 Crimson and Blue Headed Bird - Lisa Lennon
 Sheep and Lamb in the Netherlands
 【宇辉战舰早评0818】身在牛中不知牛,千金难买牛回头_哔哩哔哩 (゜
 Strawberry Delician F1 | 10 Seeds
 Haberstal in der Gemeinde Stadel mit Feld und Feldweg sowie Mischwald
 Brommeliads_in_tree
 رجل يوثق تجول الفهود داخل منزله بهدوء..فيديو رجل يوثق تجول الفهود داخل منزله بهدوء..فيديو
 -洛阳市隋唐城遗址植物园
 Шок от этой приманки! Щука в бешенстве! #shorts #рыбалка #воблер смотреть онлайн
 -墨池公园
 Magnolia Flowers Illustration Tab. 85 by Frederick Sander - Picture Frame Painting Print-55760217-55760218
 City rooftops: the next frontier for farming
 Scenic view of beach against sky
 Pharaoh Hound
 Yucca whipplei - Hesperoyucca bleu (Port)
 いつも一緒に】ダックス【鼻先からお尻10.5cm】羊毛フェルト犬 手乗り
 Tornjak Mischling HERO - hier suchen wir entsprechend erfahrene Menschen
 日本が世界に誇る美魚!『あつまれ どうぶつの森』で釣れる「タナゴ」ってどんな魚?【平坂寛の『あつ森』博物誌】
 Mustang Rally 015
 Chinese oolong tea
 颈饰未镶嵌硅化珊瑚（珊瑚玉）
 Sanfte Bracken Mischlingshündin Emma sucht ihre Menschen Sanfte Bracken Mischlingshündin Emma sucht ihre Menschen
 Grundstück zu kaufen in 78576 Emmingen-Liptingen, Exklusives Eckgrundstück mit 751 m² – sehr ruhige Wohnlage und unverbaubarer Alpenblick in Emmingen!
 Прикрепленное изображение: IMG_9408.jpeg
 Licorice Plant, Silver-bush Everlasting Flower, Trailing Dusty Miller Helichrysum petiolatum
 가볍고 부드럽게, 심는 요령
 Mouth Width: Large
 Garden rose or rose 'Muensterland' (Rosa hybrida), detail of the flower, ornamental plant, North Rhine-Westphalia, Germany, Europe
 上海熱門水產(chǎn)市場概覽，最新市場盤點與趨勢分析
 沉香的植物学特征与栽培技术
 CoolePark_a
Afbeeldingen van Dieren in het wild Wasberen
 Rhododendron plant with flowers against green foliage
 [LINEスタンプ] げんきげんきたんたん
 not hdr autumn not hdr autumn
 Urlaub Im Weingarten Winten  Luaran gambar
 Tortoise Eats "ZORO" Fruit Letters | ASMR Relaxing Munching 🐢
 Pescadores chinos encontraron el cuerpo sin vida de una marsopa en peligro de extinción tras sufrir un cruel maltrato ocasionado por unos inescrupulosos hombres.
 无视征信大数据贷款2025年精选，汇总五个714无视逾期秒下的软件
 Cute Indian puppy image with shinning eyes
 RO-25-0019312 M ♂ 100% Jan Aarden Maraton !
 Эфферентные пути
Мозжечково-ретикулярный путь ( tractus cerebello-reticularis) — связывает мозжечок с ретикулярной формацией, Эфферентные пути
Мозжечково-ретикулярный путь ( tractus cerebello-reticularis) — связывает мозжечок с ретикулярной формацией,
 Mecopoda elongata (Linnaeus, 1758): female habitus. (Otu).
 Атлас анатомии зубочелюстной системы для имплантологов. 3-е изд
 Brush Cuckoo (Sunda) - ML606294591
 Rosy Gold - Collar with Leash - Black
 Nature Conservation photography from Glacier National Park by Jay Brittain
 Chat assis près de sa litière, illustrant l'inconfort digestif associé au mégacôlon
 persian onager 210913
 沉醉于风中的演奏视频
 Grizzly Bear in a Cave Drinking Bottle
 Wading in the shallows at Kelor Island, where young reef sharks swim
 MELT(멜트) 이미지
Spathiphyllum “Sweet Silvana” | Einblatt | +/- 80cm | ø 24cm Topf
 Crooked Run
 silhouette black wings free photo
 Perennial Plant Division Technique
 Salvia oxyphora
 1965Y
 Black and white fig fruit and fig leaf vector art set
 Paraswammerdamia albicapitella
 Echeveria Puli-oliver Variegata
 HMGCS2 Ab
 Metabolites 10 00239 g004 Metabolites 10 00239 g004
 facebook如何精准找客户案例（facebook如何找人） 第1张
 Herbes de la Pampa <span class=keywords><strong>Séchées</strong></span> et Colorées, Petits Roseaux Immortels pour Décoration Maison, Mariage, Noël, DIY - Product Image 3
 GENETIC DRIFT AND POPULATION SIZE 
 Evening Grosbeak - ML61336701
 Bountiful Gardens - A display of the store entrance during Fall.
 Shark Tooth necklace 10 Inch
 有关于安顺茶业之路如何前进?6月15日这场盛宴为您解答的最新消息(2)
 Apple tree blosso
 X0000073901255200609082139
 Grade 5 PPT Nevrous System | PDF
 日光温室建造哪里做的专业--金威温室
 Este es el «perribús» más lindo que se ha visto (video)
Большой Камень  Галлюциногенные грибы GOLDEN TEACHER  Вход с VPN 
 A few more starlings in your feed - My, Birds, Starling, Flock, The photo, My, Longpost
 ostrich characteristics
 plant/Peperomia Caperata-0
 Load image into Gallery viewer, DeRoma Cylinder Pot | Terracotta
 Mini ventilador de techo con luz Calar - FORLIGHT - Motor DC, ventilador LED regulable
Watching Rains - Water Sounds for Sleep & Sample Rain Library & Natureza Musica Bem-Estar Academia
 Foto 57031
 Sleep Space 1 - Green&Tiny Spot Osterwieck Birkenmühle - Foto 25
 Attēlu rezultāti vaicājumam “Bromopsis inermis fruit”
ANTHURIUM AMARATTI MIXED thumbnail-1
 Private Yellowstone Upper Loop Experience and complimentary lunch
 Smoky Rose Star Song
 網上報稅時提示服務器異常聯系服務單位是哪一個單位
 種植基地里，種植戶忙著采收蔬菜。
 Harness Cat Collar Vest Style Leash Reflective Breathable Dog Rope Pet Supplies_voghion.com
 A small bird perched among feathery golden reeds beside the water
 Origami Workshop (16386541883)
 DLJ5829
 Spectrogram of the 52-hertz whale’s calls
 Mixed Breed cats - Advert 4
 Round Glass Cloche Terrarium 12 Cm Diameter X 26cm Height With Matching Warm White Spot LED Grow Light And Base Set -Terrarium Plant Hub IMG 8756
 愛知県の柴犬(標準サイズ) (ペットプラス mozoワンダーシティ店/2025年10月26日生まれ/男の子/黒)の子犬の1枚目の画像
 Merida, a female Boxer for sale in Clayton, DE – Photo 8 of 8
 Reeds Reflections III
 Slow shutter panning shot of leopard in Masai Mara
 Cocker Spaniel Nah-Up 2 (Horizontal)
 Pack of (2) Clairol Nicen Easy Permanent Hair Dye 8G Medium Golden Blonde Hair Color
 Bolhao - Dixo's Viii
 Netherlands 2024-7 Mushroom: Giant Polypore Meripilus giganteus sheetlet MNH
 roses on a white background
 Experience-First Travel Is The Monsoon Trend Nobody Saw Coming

···

## [WORK ORDER]
Could you return the lines in the entries above that contain "ретикулярной"?

## [FINISHED EXERCISE]
Мозжечково-ретикулярный путь ( tractus cerebello-reticularis) — связывает мозжечок с ретикулярной формацией, Эфферентные пути
Мозжечково-ретикулярный путь ( tractus cerebello-reticularis) — связывает мозжечок с ретикулярной формацией,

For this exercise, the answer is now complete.